布碗

2017年07月24日来源: 西安日报原创散文

儿时用过一种碗,我们叫它布碗,其实就是粗瓷大碗。

为什么叫布碗?想必是区别于丝绸。丝绸比较精细,是有钱人家才能穿用得起的。而粗布,也就是土布,则是那个年代普通人家做衣服的主要面料。再说,那碗上的肌理和纹路,与粗布非常相似。穿布衣、端布碗,是清贫生活的标志。

布碗多为白和黑两种。

白不很白,是那种米浆的颜色。为了装饰,通常于碗边刷一道蓝边,蓝是靛蓝。再爱好一点的碗匠,还会绘制一朵兰花,仍是靛蓝,寥寥数笔,简单却传神。典型的中国兰花。

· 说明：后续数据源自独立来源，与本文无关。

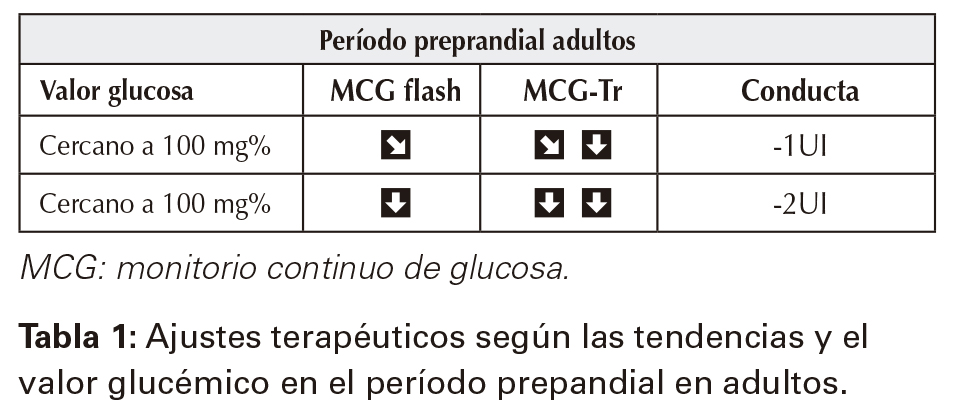 Ajustes terapeúticos según las tendencias y el valor glucémico en el periodo prepandial en adultos.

黑碗,却黑得纯粹。墨汁一般,最幽深的古井一般,初生婴儿的眼眸一般。上一层釉,黑亮亮的。盛一碗水,月亮明晃晃地掉进去了,摇出一把碎银;倒一碗酒更是不得了。喝到痛快处,那秦人重重地一墩,飞珠溅玉,扑棱棱惊起一群夜鸟。一阵清脆的嗡鸣音宛随涟漪层层荡开。有人击节而歌,景阳冈上的吊睛白额虎也要闻风丧胆了。

其实,儿时的我大多是用布碗来喝包谷糁儿的。农村娃,正儿八经用碗喝水的都少,哪里像现在城市的孩子,书包里装着各种花色和材质的杯子。我们往往是在经过的泉眼里掬上一捧,或从井里刚刚用辘轳把儿绞上来的清水里舀上一瓢饮。用碗,那是正儿八经吃饭。尽管端的是布碗,碗里是包谷糁子、菜糊糊拌汤或者包谷面搅团,却吃得吸溜吸溜格外的香。那时虽然人们的日子都比较穷苦,但却比较快乐,正所谓“穷要欢悦富要稳”。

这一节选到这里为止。